## Exercise instructions
With the pictures left out, every record must be reproduced exactly.

----- Input data

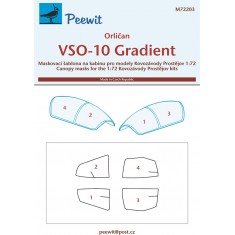 1/72 VSO-10 Gradient Canopy Masks for Kovozavody Prostejov kits
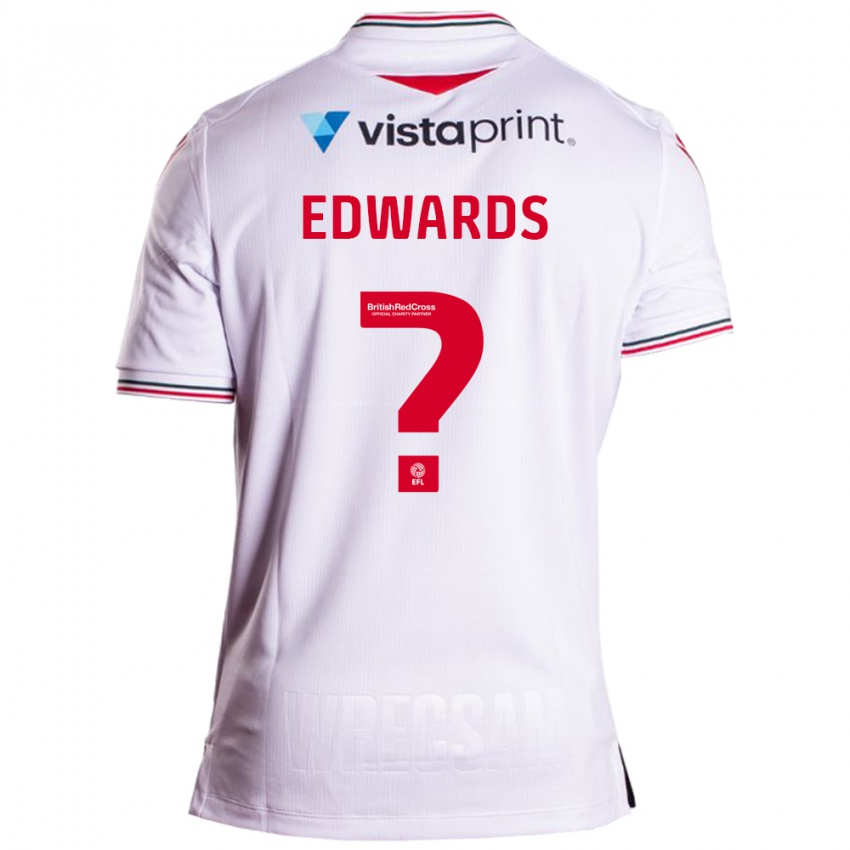 Kinder Callum Edwards #0 Weiß Auswärtstrikot Trikot 2023/24 T-Shirt Schweiz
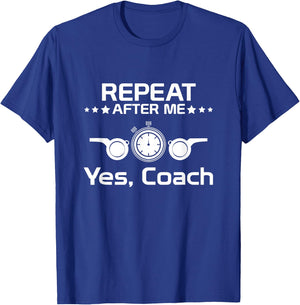 Track and Field Shirt for School Sport Coaches - Runner Gift T-Shirt - T-Shirt | Royal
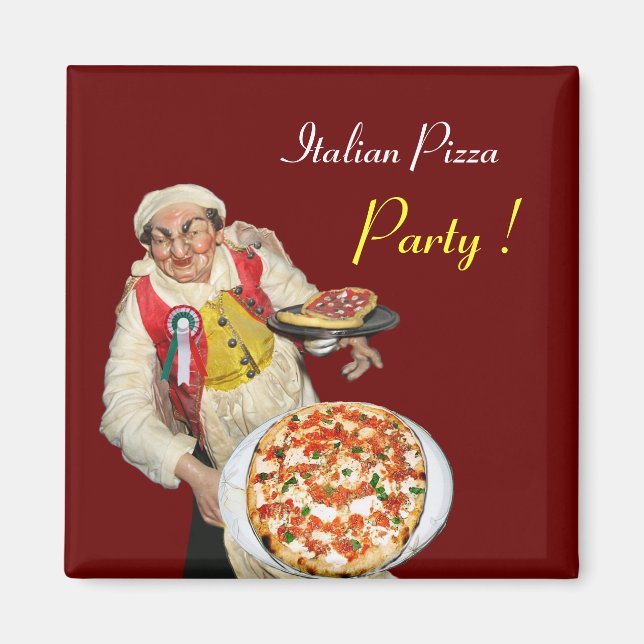 Aimant PIZA ITALIENNE, rouge (Devant)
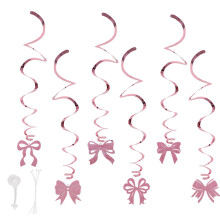 Elegant Bow Swirl Pendant Ornament for Party Decoration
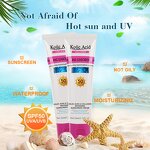 Kojic Acid Sunscreen Manufacturer - UVA UVB Protection, Non-Sticky & Lightening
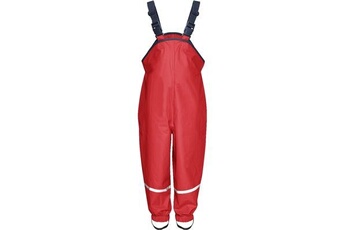 pantalon de pluie avec polaire rouge junior
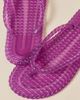 Brizza Arezzo Brizza Arezzo Rope Walk Jelly Flip Flop Sandals in Purple, Women's at Urban Outfitters - 4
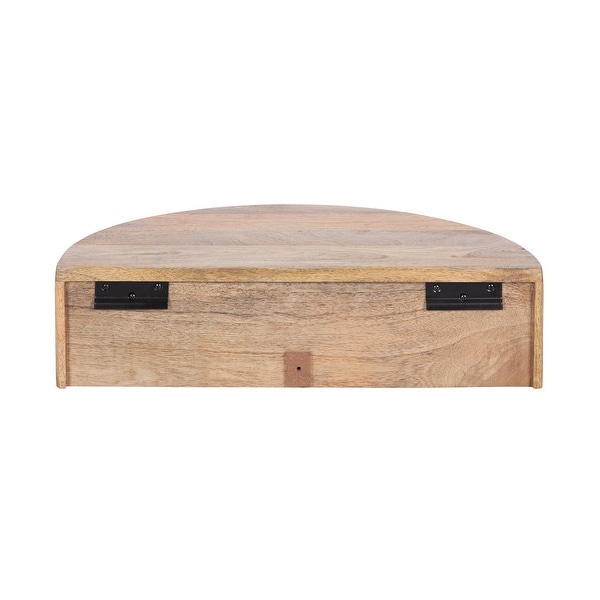 Kate and Laurel Reid Ribbed Floating Side Table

----------

## Task output
 1/72 VSO-10 Gradient Canopy Masks for Kovozavody Prostejov kits
 Kinder Callum Edwards #0 Weiß Auswärtstrikot Trikot 2023/24 T-Shirt Schweiz
 Track and Field Shirt for School Sport Coaches - Runner Gift T-Shirt - T-Shirt | Royal
 Aimant PIZA ITALIENNE, rouge (Devant)
 Elegant Bow Swirl Pendant Ornament for Party Decoration
 Kojic Acid Sunscreen Manufacturer - UVA UVB Protection, Non-Sticky & Lightening
 pantalon de pluie avec polaire rouge junior
 Brizza Arezzo Brizza Arezzo Rope Walk Jelly Flip Flop Sandals in Purple, Women's at Urban Outfitters - 4
 Kate and Laurel Reid Ribbed Floating Side Table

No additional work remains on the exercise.